§ Problem details: Wherever the string "Hotel" shows up in the data below, copy the whole line.

§ Stored items from a collection:
◆ ◆ ◆

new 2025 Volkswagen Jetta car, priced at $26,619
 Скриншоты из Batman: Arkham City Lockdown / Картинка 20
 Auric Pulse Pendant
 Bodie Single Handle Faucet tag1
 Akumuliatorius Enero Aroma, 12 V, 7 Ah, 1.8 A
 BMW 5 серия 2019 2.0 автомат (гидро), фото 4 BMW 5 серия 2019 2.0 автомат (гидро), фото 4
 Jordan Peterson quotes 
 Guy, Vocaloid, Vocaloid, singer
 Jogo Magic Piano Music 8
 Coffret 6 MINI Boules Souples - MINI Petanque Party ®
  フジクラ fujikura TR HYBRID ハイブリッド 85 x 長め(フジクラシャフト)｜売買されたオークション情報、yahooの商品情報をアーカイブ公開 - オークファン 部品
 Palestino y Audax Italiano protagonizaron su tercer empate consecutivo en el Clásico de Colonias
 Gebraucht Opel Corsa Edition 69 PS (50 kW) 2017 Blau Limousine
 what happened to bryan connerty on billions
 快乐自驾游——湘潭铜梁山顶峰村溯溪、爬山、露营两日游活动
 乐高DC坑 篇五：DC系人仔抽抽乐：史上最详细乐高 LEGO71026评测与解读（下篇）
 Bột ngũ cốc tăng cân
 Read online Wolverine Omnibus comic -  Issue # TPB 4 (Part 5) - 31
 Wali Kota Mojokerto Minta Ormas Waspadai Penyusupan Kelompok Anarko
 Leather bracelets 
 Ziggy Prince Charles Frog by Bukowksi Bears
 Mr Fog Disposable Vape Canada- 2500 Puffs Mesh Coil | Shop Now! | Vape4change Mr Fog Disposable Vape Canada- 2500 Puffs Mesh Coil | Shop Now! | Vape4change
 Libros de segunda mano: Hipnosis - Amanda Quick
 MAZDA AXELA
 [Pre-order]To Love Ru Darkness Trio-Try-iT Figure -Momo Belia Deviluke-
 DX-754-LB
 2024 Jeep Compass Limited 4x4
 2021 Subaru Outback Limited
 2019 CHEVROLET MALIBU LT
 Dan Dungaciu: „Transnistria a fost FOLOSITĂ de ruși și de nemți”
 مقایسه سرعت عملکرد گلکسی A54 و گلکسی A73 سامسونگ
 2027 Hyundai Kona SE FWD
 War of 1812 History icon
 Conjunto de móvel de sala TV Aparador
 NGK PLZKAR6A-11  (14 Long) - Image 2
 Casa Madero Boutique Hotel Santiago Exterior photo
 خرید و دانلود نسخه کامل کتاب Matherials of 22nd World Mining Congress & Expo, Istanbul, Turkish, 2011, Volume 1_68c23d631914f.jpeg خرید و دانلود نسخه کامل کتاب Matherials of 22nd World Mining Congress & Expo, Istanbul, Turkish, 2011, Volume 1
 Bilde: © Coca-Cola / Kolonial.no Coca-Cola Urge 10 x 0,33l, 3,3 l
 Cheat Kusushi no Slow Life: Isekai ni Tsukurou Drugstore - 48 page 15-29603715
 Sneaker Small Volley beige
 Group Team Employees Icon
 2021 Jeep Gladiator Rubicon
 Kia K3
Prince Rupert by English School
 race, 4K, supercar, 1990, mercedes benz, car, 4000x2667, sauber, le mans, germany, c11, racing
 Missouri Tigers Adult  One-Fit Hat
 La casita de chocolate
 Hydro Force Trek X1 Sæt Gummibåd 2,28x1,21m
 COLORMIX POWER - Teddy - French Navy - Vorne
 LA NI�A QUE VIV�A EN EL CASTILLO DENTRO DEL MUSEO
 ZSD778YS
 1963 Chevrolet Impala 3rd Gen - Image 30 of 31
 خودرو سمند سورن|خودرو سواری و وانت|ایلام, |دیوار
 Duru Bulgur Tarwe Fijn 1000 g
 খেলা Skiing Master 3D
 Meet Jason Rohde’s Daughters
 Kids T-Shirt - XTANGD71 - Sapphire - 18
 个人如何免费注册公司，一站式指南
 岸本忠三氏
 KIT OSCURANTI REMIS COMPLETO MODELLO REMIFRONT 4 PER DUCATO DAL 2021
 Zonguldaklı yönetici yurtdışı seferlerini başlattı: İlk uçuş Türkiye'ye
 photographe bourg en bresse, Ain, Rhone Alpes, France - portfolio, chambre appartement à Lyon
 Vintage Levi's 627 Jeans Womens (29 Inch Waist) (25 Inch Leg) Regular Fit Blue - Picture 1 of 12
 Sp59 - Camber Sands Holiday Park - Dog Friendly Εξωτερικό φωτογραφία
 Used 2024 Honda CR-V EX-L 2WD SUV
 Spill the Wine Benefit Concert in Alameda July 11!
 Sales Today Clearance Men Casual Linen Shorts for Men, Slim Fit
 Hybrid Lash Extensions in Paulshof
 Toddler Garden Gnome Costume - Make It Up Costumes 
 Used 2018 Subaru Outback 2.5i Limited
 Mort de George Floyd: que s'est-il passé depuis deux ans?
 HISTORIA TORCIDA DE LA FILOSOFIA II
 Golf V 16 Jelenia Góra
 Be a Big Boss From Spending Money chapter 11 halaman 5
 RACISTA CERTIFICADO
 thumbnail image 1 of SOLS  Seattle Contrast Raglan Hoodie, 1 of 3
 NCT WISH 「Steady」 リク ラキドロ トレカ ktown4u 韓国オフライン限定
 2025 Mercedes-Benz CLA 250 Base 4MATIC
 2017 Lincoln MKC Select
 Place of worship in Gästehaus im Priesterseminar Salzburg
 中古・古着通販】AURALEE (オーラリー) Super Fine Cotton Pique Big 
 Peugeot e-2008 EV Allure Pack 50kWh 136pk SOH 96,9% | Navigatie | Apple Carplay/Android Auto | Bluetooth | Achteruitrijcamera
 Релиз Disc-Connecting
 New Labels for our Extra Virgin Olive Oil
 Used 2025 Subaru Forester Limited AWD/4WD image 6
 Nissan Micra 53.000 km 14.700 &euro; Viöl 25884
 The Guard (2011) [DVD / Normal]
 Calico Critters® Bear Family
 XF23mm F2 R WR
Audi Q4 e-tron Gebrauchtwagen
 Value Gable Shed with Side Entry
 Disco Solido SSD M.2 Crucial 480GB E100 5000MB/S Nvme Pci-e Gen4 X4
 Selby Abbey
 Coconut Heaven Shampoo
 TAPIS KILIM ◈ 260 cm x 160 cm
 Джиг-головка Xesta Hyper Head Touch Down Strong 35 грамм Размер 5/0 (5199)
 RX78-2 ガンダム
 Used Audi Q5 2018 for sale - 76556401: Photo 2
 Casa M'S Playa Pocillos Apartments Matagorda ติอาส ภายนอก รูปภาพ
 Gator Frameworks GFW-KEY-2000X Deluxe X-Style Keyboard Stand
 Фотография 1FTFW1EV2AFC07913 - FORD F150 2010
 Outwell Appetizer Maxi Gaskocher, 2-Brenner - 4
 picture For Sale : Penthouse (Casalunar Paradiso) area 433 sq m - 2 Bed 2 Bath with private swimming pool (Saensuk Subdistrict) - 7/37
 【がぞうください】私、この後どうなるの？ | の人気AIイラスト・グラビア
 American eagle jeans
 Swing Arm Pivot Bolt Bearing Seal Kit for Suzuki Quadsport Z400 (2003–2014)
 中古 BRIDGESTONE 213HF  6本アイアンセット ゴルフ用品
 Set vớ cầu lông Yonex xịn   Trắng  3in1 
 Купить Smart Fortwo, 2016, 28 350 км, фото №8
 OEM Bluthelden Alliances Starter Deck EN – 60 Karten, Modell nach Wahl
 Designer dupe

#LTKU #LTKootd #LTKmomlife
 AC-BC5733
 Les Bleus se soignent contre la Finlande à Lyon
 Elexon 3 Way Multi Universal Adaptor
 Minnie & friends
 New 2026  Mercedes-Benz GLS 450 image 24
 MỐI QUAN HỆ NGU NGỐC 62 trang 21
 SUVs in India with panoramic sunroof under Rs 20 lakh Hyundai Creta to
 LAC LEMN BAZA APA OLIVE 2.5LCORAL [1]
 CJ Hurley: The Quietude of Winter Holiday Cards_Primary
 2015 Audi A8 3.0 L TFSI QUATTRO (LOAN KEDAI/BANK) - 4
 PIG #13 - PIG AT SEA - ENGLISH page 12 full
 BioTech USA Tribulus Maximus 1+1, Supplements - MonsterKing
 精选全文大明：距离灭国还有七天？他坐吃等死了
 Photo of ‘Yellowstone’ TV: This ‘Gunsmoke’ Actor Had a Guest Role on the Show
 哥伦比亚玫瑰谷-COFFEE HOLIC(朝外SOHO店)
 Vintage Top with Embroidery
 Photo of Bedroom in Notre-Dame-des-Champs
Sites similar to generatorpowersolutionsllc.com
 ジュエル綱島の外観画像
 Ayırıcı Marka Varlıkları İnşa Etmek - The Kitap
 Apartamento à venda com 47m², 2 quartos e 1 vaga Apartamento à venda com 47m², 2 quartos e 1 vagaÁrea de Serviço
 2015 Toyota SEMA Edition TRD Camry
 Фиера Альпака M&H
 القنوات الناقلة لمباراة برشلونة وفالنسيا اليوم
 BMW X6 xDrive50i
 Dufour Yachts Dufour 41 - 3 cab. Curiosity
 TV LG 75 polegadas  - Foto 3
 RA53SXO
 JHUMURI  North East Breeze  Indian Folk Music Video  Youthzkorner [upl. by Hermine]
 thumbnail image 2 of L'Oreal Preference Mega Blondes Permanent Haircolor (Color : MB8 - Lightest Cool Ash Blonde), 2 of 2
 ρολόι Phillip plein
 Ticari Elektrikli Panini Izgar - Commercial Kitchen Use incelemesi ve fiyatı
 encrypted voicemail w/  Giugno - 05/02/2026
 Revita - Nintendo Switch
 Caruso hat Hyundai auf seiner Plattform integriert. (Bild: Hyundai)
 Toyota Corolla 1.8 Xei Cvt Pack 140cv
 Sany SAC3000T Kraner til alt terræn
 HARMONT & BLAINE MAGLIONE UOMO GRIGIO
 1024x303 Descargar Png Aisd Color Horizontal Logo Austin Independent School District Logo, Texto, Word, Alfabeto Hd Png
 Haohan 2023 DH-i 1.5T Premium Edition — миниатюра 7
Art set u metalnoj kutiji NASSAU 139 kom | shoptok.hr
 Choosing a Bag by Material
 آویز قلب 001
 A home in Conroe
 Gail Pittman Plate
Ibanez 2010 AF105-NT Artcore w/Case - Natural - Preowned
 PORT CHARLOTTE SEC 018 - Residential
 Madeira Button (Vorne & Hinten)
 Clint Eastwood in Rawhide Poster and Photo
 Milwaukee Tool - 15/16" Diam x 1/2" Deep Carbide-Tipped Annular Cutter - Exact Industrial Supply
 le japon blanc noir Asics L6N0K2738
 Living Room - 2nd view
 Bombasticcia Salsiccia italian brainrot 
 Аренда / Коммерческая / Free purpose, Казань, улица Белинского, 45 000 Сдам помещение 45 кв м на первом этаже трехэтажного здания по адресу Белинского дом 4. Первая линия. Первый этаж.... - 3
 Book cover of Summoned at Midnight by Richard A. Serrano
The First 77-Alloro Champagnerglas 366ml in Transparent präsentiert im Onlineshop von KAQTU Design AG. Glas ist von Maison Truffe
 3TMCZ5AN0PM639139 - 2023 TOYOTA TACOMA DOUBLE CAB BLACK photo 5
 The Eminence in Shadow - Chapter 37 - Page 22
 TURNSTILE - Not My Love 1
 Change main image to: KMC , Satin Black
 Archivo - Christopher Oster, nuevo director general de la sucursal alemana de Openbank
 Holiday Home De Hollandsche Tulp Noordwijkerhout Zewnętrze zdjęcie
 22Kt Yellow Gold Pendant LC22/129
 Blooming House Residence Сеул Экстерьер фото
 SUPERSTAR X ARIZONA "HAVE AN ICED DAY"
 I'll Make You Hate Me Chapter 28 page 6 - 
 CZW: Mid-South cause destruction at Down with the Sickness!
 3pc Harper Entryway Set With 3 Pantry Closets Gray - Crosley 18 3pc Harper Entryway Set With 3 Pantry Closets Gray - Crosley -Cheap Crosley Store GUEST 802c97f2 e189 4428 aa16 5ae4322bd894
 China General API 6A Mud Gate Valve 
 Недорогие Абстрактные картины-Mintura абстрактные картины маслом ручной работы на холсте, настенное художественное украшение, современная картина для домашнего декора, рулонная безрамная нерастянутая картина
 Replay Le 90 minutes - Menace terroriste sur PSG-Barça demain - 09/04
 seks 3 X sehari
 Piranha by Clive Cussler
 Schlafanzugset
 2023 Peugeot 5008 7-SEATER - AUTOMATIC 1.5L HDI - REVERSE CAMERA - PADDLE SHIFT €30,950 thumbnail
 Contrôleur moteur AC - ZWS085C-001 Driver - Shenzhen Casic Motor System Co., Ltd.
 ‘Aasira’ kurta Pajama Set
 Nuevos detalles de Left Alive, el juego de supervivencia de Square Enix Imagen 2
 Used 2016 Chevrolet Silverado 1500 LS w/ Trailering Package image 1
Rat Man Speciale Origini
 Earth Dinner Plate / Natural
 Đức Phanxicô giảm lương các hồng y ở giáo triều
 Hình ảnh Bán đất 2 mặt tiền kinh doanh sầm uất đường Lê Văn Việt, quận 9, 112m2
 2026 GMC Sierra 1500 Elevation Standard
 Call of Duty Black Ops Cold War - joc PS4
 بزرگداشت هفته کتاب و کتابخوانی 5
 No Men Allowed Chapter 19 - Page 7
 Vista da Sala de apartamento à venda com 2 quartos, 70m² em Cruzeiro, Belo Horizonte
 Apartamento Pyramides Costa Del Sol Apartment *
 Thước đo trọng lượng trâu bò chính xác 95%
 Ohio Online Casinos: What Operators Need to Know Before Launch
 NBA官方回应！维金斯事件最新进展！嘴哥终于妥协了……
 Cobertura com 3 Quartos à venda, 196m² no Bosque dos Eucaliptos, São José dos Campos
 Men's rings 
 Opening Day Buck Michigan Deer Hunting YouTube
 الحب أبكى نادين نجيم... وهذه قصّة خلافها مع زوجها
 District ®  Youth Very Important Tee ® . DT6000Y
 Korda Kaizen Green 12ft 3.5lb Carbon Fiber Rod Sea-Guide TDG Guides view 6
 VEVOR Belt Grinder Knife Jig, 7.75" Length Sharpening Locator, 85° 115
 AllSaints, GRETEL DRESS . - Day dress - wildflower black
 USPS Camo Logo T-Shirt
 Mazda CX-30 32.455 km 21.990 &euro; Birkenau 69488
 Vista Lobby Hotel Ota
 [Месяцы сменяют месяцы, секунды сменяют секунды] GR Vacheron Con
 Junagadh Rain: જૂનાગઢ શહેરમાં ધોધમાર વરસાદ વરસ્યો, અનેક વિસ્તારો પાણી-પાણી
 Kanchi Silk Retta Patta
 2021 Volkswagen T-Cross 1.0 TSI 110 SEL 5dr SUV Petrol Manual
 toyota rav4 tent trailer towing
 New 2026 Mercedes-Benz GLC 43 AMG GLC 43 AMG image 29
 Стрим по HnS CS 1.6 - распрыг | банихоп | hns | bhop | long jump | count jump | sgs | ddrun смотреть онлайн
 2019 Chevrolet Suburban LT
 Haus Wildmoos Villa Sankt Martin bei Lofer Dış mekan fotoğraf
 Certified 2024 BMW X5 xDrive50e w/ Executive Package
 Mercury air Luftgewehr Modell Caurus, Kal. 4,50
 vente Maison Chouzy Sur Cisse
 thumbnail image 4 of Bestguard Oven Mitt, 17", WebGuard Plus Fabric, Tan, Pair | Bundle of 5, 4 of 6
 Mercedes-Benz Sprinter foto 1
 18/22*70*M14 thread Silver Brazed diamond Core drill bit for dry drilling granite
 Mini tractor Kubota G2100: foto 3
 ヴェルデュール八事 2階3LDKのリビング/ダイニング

◆ ◆ ◆

§ Task result:
 Casa Madero Boutique Hotel Santiago Exterior photo
 Vista Lobby Hotel Ota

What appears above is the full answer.